SOURCE INFORMATION =
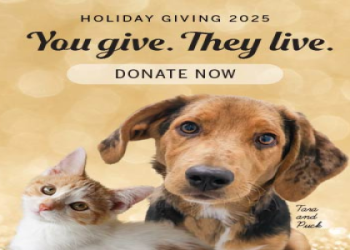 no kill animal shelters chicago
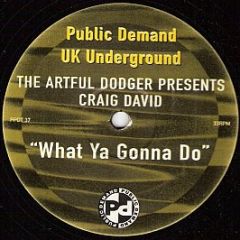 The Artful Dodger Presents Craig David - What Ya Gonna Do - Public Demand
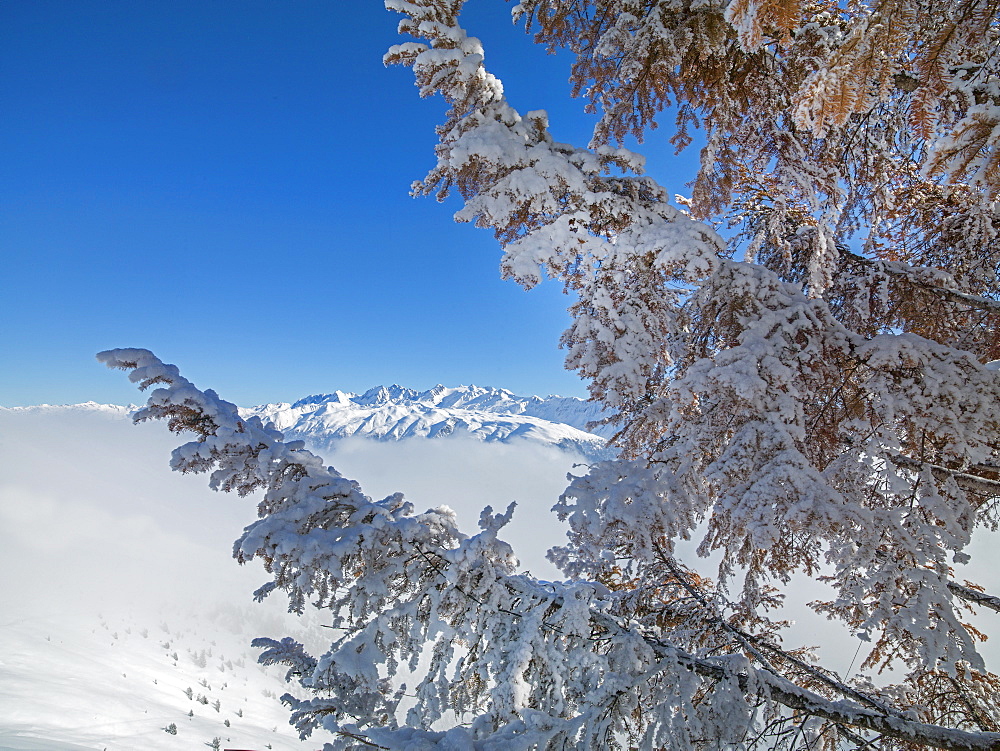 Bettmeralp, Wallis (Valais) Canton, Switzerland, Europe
---
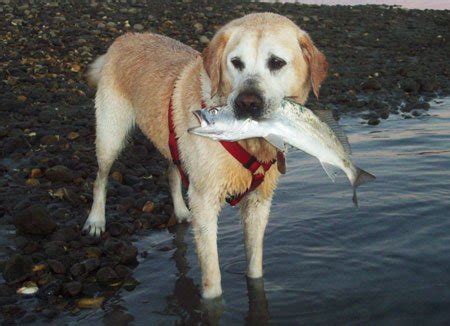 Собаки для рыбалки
==
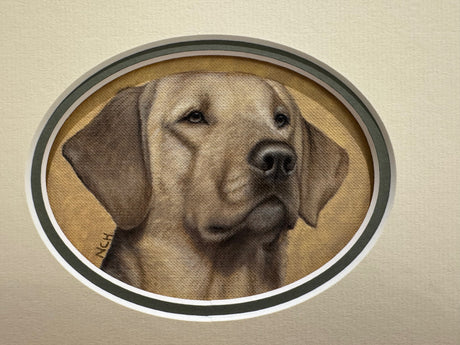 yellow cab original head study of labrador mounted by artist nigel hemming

AIM OF THE TASK =
Look above for the line with "no kill animal shelters chicago" and the line with "Bettmeralp, Wallis (Valais)"; set down those two lines and all lines between them exactly, without pictures and without anything else.

OUTPUT OF THE EXERCISE =
 no kill animal shelters chicago
 The Artful Dodger Presents Craig David - What Ya Gonna Do - Public Demand
 Bettmeralp, Wallis (Valais) Canton, Switzerland, Europe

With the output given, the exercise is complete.